-- GIVEN DATA --
:::::

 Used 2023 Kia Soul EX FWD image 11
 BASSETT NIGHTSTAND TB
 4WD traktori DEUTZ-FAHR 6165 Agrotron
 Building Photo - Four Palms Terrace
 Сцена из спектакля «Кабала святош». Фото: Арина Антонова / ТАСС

:::::

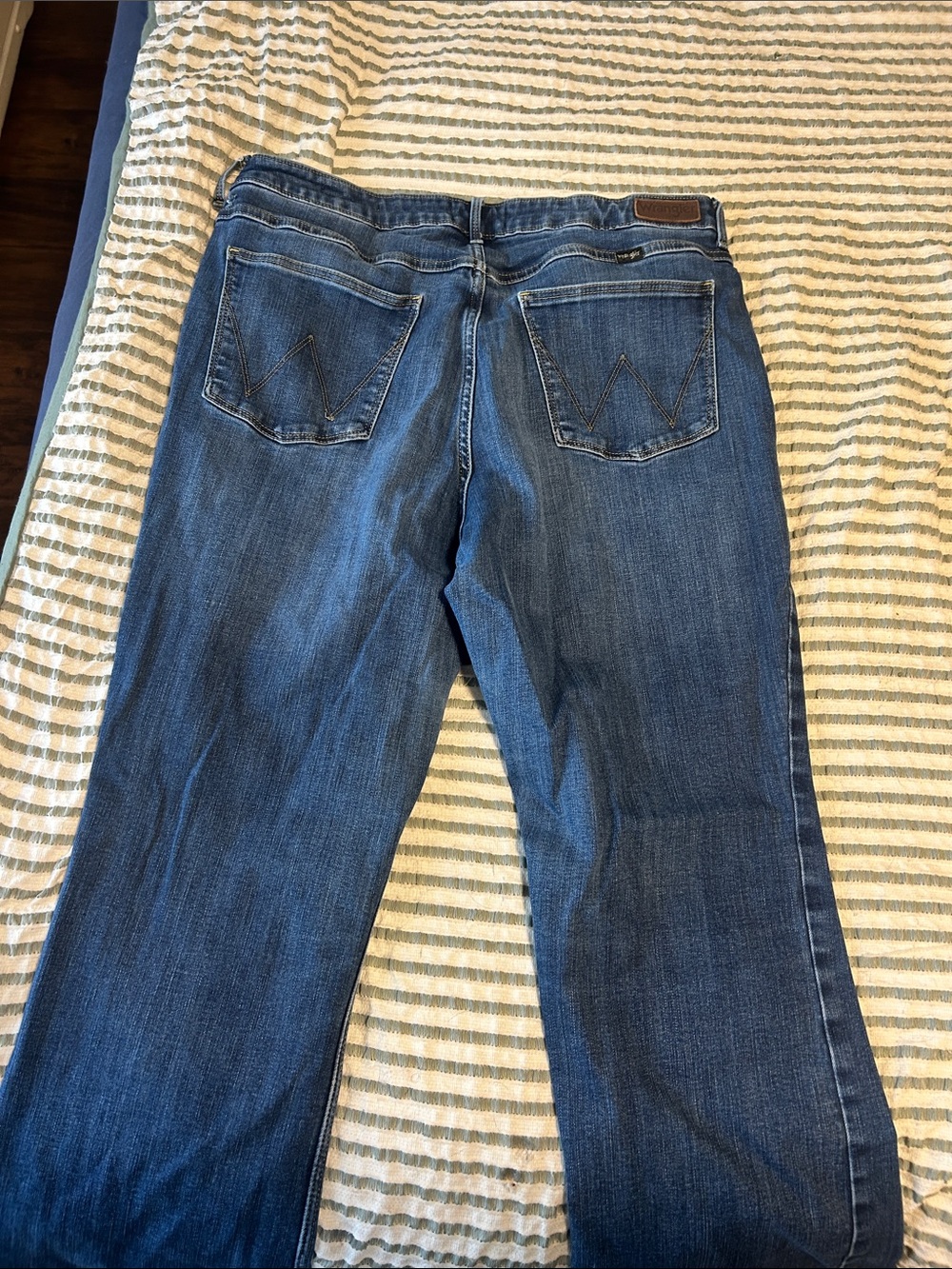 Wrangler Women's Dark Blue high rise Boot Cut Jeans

:::::

-- WORK REQUIRED --
Above are the records; copy exactly the lines from the line with "Used 2023 Kia Soul EX FWD image 11" through the line with "Сцена из спектакля", both included.

-- OUTPUT FOR THIS EXERCISE --
 Used 2023 Kia Soul EX FWD image 11
 BASSETT NIGHTSTAND TB
 4WD traktori DEUTZ-FAHR 6165 Agrotron
 Building Photo - Four Palms Terrace
 Сцена из спектакля «Кабала святош». Фото: Арина Антонова / ТАСС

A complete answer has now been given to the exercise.